Женщина, открывшая дверь, оказалась в точности такой, какой ее нарисовала себе Маура.
Доктор О'Доннел была пепельной блондинкой с бледной, безупречной кожей. Голубая хлопчатобумажная рубашка, заправленная в отутюженные белые брюки, была скроена так, чтобы подчеркнуть тонкую талию. Во взгляде, которым она окинула Мауру, тепла было мало. Скорее, в нем угадывалось любопытство. Взгляд ученого, рассматривающего новый экземпляр.
— Доктор О'Доннел? Я Маура Айлз.
О'Доннел ответила деловым рукопожатием.
— Проходите.
Маура зашла в дом, такой же холодно-элегантный, как и его хозяйка.
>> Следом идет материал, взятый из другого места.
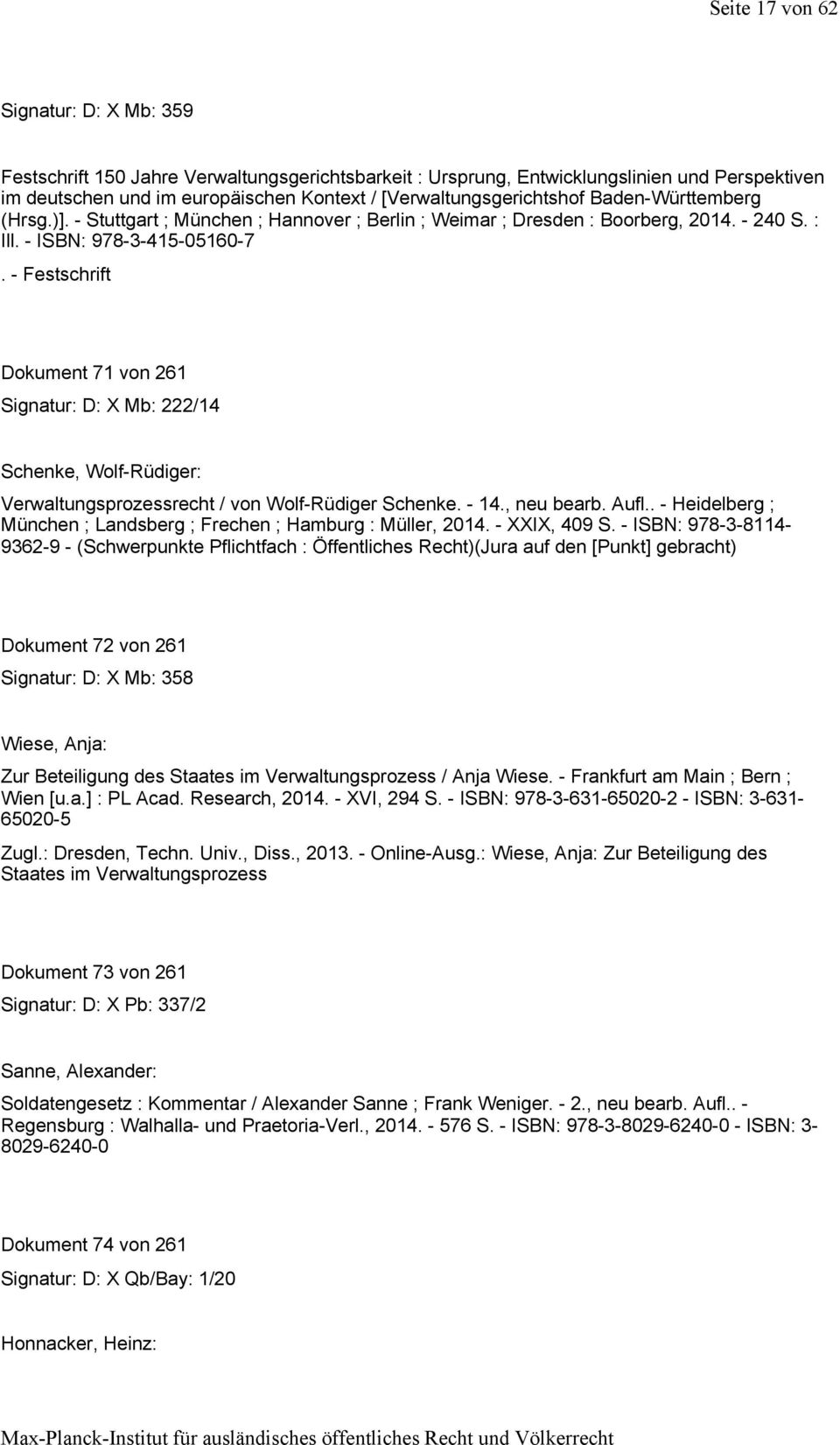 -Festschrift Dokument 71 von 261 Signatur: D: X Mb: 222/14 Schenke, Wolf-Rüdiger: Verwaltungsprozessrecht / von Wolf-Rüdiger Schenke. -14., neu bearb. Aufl.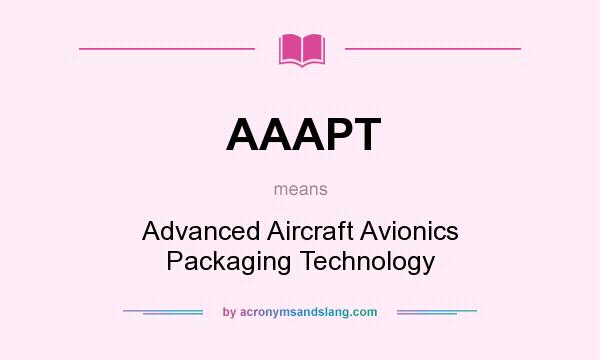 What does AAAPT mean? It stands for Advanced Aircraft Avionics Packaging Technology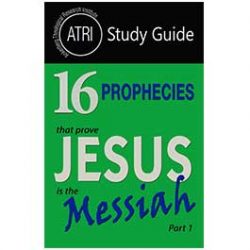 16 Prophecies That Prove Jesus is the Messiah Part 1 - Study Guide Print Book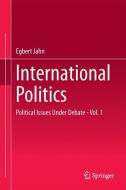 International Politics di Egbert Jahn edito da Springer Berlin Heidelberg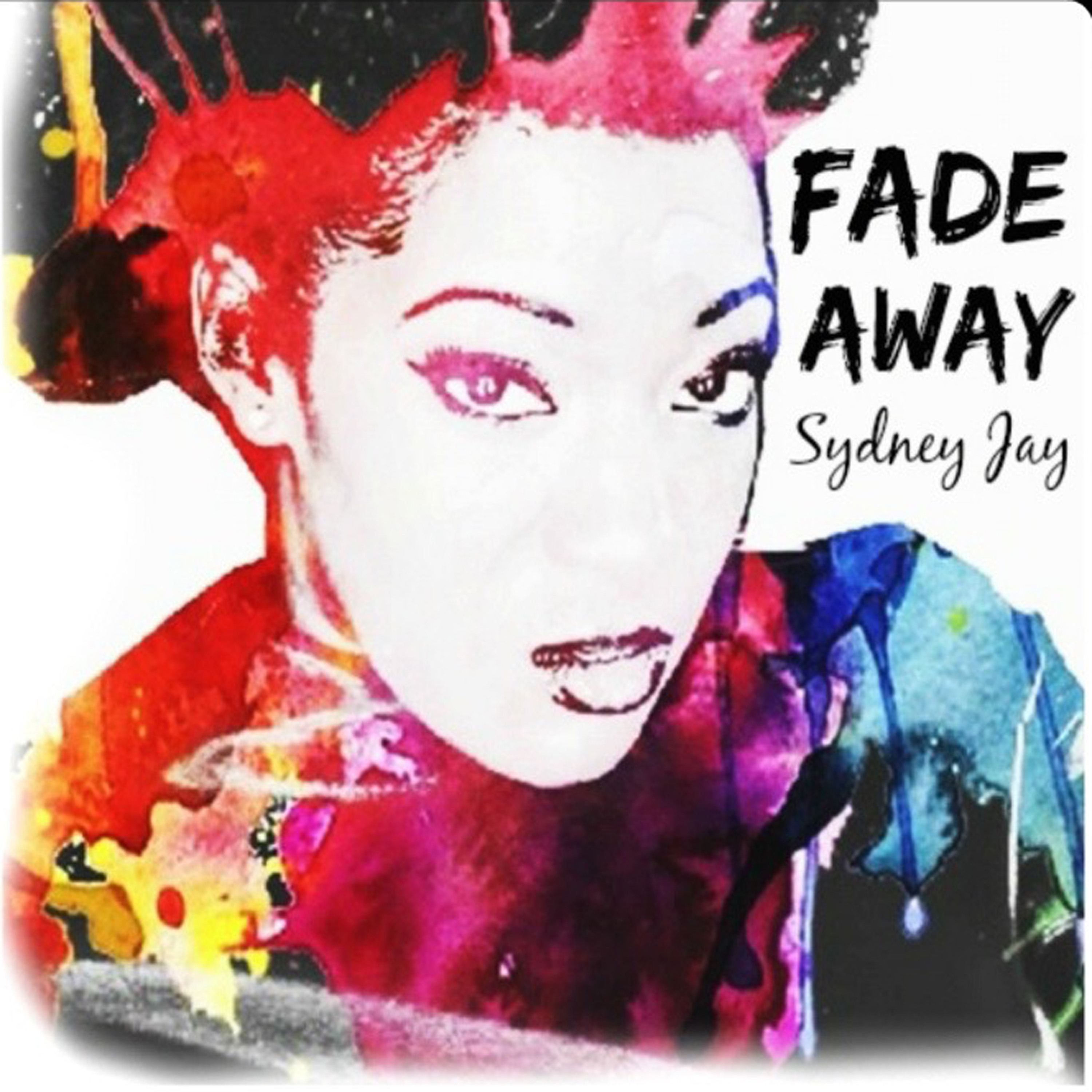Sydney Jay - Fade Away (Prod. Drew Fridge) episode artwork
Теплый оттенок придавали лишь восточные ковры на темных тиковых полах. О'Доннел провела гостью в строгую гостиную, где Маура осторожно присела на краешек дивана, обитого белым шелком. О'Доннел устроилась в кресле напротив. На разделявшем их журнальном столике палисандрового дерева стопкой лежали папки и цифровой диктофон. Хотя и выключенный, он излучал невидимую угрозу и добавлял Мауре неловкости.
— Спасибо, что согласились принять меня, — начала Маура.
— Мне стало любопытно. Хотелось посмотреть, как выглядит дочь Амальтеи. Я ведь знаю о вас, доктор Айлз, но только из газет. — Она откинулась на спинку кресла, чувствуя себя в высшей степени комфортно. Преимущество хозяйки дома. Она делала одолжение, в то время как Маура выступала в роли просительницы. — А вот о вашем характере я ничего не знаю. Но очень хочу узнать.
— Почему?
— Я хорошо знакома с Амальтеей. И мне интересно…
— …похожа ли дочь на мать?
О'Доннел приподняла красивую бровь.
— Заметьте, вы это сказали, а не я.
— Так я угадала причину вашего любопытства?
— А в чем причина вашего любопытства? Что привело вас ко мне?
Взгляд Мауры скользнул по картине, висевшей над камином. Строго современное, написанное маслом полотно, испещренное ярко-красными и черными полосами.
— Я хочу знать, кто на самом деле эта женщина, — наконец произнесла она.
— Вы знаете, кто она. Просто не хотите в это поверить. Ваша сестра тоже не верила.
Маура нахмурилась.
— Вы встречались с Анной?
— Нет, мы не встречались. Но месяца четыре назад мне позвонила женщина, которая назвалась дочерью Амальтеи. Я уезжала в двухнедельную командировку в Оклахому, поэтому не смогла с ней встретиться. Мы просто поговорили по телефону. Она как раз вернулась из Фрэмингэма, поэтому знала, что я психиатр Амальтеи. Она хотела узнать как можно больше о матери. О детстве Амальтеи, ее семье.
— А вам все это известно?
— Кое-что я узнала из архива ее школы. Что-то она сама рассказывала в минуты просветления. Я знаю, что она родилась в Лоуэлле. Когда ей было девять лет, умерла ее мать, и она переехала жить к дяде и двоюродному брату в Мэн.
— В Мэн? — напряглась Маура.
— Да. Она окончила среднюю школу в городке Фокс-Харбор.
«Теперь я понимаю, почему Анна выбрала этот город. Я шла по следам Анны, а она — по следам матери».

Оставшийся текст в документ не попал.